The definition of “affected transaction” 4 in section 31(1) contains two paragraphs:

• Paragraph (a) of the definition relates to the specified persons between which any transaction, operation, scheme, agreement or understanding must be entered, and
• Paragraph (b) of the definition relates to any term or condition that differs from any term or condition that would have existed if the persons had been independent persons dealing at arm’s length.

Currently, section 31(1) defines an “affected transaction” as any transaction, operation, scheme, agreement or understanding entered into for the benefit of specific persons that are “connected persons” in relation to one another as defined in section 1, read with section 31(4). The current definition of “affected transaction” only captures transactions entered into between connected persons and does not capture transactions between “associated enterprise(s)”. Therefore, the term, as contemplated in Article 9(1) of the OECD Model Tax Convention, has been inserted into section 31(1) and into the definition of “affected transaction” with effect from years of assessment commencing on or after 1 January 2023.

The Note describes two enterprises being “associated enterprises” where there is a participation (directly or indirectly) in the management, control or capital of an enterprise of the other Contracting State or, the same persons participate directly or indirectly in the management, control or capital of an enterprise of a Contracting State and an enterprise of the other Contracting State. In addition, an ‘enterprise’ is defined in Article 3 as “carrying on a business”.

For a transaction, operation, scheme, agreement or understanding to be an “affected transaction”, both paragraph (a) and paragraph (b) must be met.

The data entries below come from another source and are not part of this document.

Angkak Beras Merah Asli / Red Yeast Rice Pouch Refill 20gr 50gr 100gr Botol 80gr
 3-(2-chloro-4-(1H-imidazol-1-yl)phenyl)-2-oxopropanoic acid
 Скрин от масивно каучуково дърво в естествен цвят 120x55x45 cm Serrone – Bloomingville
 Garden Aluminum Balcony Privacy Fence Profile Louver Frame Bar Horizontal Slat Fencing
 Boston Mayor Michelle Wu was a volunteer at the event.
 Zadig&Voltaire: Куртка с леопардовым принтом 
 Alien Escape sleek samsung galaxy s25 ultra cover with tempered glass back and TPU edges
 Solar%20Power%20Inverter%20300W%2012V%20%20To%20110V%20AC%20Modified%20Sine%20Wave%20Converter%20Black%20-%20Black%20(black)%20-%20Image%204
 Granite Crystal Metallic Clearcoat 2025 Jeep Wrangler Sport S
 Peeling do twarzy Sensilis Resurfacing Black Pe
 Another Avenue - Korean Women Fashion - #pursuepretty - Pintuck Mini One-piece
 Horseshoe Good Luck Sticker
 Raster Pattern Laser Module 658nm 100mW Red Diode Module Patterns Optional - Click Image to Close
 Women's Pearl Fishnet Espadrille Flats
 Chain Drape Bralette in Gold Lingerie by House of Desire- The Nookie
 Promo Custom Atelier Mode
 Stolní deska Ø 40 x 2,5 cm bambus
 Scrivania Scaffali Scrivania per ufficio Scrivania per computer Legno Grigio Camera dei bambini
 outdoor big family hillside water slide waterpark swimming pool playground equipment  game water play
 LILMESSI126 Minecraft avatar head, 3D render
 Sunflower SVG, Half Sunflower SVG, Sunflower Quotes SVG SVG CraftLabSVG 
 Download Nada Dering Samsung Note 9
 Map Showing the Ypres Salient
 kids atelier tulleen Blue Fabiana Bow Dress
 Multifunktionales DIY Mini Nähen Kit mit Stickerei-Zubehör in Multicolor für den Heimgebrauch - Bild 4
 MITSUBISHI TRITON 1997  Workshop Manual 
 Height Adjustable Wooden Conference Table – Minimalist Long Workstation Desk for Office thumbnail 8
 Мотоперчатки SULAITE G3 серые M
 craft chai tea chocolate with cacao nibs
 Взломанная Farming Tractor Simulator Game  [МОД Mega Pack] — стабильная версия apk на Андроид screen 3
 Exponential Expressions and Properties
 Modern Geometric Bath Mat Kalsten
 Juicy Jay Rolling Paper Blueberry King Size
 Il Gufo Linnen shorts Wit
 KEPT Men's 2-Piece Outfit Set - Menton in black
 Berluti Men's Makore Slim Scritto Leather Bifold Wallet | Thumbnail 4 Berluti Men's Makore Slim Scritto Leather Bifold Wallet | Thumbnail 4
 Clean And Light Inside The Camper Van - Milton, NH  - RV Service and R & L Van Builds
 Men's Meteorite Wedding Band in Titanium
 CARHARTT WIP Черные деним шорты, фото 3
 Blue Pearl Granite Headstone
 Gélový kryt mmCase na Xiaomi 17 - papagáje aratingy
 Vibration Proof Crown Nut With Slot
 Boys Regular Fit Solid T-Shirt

Paragraph (a) of the definition of “affected transaction” essentially means any transaction, operation, scheme, agreement or understanding directly or indirectly entered into or effected between or for the benefit of either or both:

• a resident and a non-resident;
• a non-resident and another non-resident that has a permanent establishment in South Africa to which the transaction, operation, scheme, agreement or
understanding relates;
• a resident and another resident that has a permanent establishment outside South Africa to which the transaction, operation, scheme, agreement or understanding relates; and
• a non-resident and any other person that is a controlled foreign company in relation to any resident;

If those persons are connected persons or, in respect of years of assessment commencing on or after 1 January 2023, associated enterprises in relation to one another.

The Note further provides guidance and examples on each facet of the definition, in particular:

Direct or indirect participation in management.
Direct or indirect participation in control.
Direct or indirect participation in capital.
Therefore, SARS is seeking to widen the tax base, by expanding the ambit of section 31 to apply not only to “connected persons” as defined in section 1, but also to “associated enterprises”, as defined.

The Note envisages scrutiny of a wide range of information and commercial and legal relationships in order to evaluate whether enterprises are associated. These include identifying and considering de facto, as opposed to de jure relationships – which may involve the need for a detailed factual enquiry and for judgement to be exercised in relation to subjective, and not purely objective, information.

Taxpayers need to carefully consider the implications of the widening definition of an “affected transaction” in section 31 to ensure compliance with local transfer pricing regulations. Don’t delay assessing the management, control and capital of the entities within your organisation that may potentially be affected by the proposed amendment.

The Note is now open for public commentary and comments are to be submitted to SARS by no later than Friday, 13 January 2023.